The age splits tell you where this eventually goes, but they don’t change the near-term reality. Even among 18-34-year-olds, fewer than 15% prefer fully autonomous purchasing. They want assistance with approval, not automation without oversight.
[“How much control would you want over purchases made by an AI agent?” , Worldpay Agentic Commerce Report, page 12 (UK data).]
The Three Trust Barriers
Worldpay asked what would need to exist before consumers trusted AI shopping agents. Three barriers dominate.
1. Incorrect Purchase Fear
Sixty-seven percent worry that an agent will buy the wrong thing. Think about how often autocomplete predicts exactly what you meant to say. Now imagine that autocomplete can spend your money.
This explains why 60% of respondents demand the right to review transactions before completion. They want to see what the agent selected, verify the price, confirm details, and then approve. The approval step isn’t a nice-to-have. A guardrail that all protocols have already put in place.

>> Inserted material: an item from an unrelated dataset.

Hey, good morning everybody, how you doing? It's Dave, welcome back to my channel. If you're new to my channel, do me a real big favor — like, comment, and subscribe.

Another 58% won’t trust an agent without 24-hour cancellation rights. Even if they approved the purchase, they want an escape hatch.
2. Financial Control
Fraud protection ranks as the number one trust requirement globally. Fifty-four percent say they need confidence that agents can’t be manipulated before they’ll adopt.

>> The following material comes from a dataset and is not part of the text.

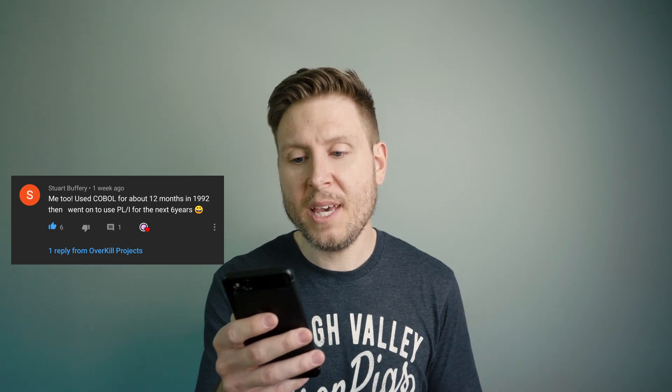Also, bears beats Battlestar Galactica. Here's a comment from Stuart Buffery. He says 'me too' — I don't know what that's in response to — but he says: 'I used COBOL for about 12 months in 1992, then went on to use PL1 for the next six years.' Thank you, Stuart. PL1, as I said in my response, is super underrated. It's a really cool language. If you want to see a language that has been used a lot that you've probably never heard of before, check out PL1. It's great for numerical analysis. I have friends who program in it.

This isn’t about normal e-commerce fraud where someone steals your card. This concerns what happens when an AI agent is tricked into buying items you never authorized. Think of it like a professional personal shopper who shows up with a $500 watch because someone at the store convinced them you’d love it.
Here’s the technical problem. Legacy fraud systems watch for suspicious human behavior. Multiple purchases in quick succession, impossible geographic travel, abnormal session patterns. An AI agent violates every rule during normal operation. It can verify 20 merchants in 60 seconds and transition from discovery to checkout in under 1 second. To traditional systems, this looks identical to fraud.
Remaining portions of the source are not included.